Thursday, December 01, 2016


Why do I care about “gay” men?  It depends on how you define them, which is part of what makes them interesting.  They are a “thought category” rather than a species.  The actual phenomenon of sex with the same sex is present in a low percentage of mammals of several kinds, which includes humans, but that’s only part of the story.  The real story is how cultures deal with such a difference.  Some say “Aauugh! kill!”  Some say, “Come sit by me, dahlin’.”.  Some just shrug.

Our still-recent sexual revolution changed everything for everybody, at least those who had access to birth control in the form of a pill, those who had been part of the extreme physical life of war, those who were seeing a heterosexual pattern of hedonism that stiffed families, those women who had been earning a living doing “man’s work,” and close after that the disappearance of hard physical labor that men used to do when machines took over.

I suppose the first grownup gay man I knew personally, if only slightly, was the uncle of a classmate in elementary school.  He was her mother’s brother, a young man quite cultured in the Portland, OR, early Fifties.  He took the two of us to the ballet and briefly we stopped by his apartment for some reason.  It was the first time I’d been in an apartment building that had carpeted halls.  His place was elegant.  In my mind, therefore, gay men were a civilized and elite group.  I did not see them as evil vampires.
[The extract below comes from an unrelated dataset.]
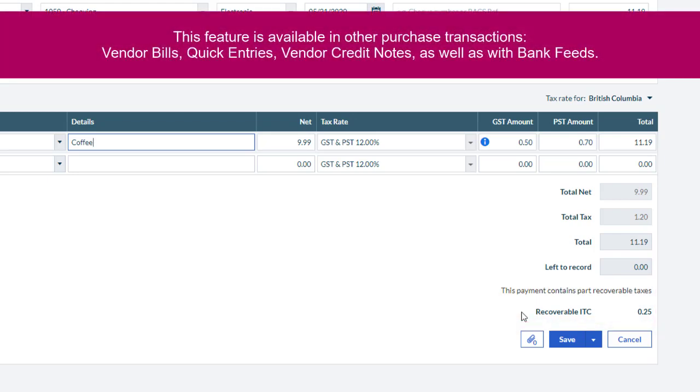This feature is also available in other purchase transactions, such as vendor bills, quick entries, vendor credit notes, as well as bank feeds.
In the great chess game of social competition, any “group” is of interest from a sociological point of view.  But then individuals from that group can be of interest from a psychological point of view.  Even more powerfully from a narrative point of view.  Any characteristic that causes a person — esp. a child — to become isolated, search for answers, struggle through ordeals and confusions, and finally find “the others” is engaging in what Joe Campbell called the Hero’s Journey, which is a big part of our American mythic history.  But we don’t like the versions in which the hero dies, suddenly and for no reason.  

Today is World AIDS Day.  The drugs are good but not curative, the cost of them is sky-high, the distribution of them is complicated by extortion and blackmail on an international level, and STILL people don’t know they have it.  The venues of blood-borne contagion — sex and injected drugs — require secrecy, even secrets from oneself.  I don’t have AIDS.  I have Aging.  It is a behavior-related condition, like AIDS.  You can hasten or delay it by what you do.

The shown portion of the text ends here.